> [EXERCISE DETAILS]
Reproduce the data exactly, leaving nothing out.

═════ RECORD EXTRACTS

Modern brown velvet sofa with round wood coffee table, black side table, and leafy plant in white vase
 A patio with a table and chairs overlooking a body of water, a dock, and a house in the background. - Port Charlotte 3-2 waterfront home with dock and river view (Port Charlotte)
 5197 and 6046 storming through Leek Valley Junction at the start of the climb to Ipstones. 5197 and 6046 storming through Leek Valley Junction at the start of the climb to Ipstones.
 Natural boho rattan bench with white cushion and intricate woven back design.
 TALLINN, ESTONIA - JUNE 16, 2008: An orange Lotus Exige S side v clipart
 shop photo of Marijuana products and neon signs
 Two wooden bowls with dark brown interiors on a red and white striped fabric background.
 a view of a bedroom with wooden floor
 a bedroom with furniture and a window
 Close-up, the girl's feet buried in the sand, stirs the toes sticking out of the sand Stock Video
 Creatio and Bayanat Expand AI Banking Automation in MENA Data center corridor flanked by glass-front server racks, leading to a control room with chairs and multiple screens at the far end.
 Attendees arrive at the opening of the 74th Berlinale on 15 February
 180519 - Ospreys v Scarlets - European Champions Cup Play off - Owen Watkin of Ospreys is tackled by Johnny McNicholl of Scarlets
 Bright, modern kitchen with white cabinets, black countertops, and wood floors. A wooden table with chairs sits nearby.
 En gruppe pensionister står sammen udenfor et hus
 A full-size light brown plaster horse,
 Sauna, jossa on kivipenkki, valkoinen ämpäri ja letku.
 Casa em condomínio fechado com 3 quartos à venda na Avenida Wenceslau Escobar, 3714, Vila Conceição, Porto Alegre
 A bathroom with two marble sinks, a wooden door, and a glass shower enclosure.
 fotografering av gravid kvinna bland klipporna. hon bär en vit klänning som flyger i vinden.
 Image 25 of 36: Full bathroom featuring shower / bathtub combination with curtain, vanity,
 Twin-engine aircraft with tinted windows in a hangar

══════════

> [SOLVED PROBLEM]
Modern brown velvet sofa with round wood coffee table, black side table, and leafy plant in white vase
 A patio with a table and chairs overlooking a body of water, a dock, and a house in the background. - Port Charlotte 3-2 waterfront home with dock and river view (Port Charlotte)
 5197 and 6046 storming through Leek Valley Junction at the start of the climb to Ipstones. 5197 and 6046 storming through Leek Valley Junction at the start of the climb to Ipstones.
 Natural boho rattan bench with white cushion and intricate woven back design.
 TALLINN, ESTONIA - JUNE 16, 2008: An orange Lotus Exige S side v clipart
 shop photo of Marijuana products and neon signs
 Two wooden bowls with dark brown interiors on a red and white striped fabric background.
 a view of a bedroom with wooden floor
 a bedroom with furniture and a window
 Close-up, the girl's feet buried in the sand, stirs the toes sticking out of the sand Stock Video
 Creatio and Bayanat Expand AI Banking Automation in MENA Data center corridor flanked by glass-front server racks, leading to a control room with chairs and multiple screens at the far end.
 Attendees arrive at the opening of the 74th Berlinale on 15 February
 180519 - Ospreys v Scarlets - European Champions Cup Play off - Owen Watkin of Ospreys is tackled by Johnny McNicholl of Scarlets
 Bright, modern kitchen with white cabinets, black countertops, and wood floors. A wooden table with chairs sits nearby.
 En gruppe pensionister står sammen udenfor et hus
 A full-size light brown plaster horse,
 Sauna, jossa on kivipenkki, valkoinen ämpäri ja letku.
 Casa em condomínio fechado com 3 quartos à venda na Avenida Wenceslau Escobar, 3714, Vila Conceição, Porto Alegre
 A bathroom with two marble sinks, a wooden door, and a glass shower enclosure.
 fotografering av gravid kvinna bland klipporna. hon bär en vit klänning som flyger i vinden.
 Image 25 of 36: Full bathroom featuring shower / bathtub combination with curtain, vanity,
 Twin-engine aircraft with tinted windows in a hangar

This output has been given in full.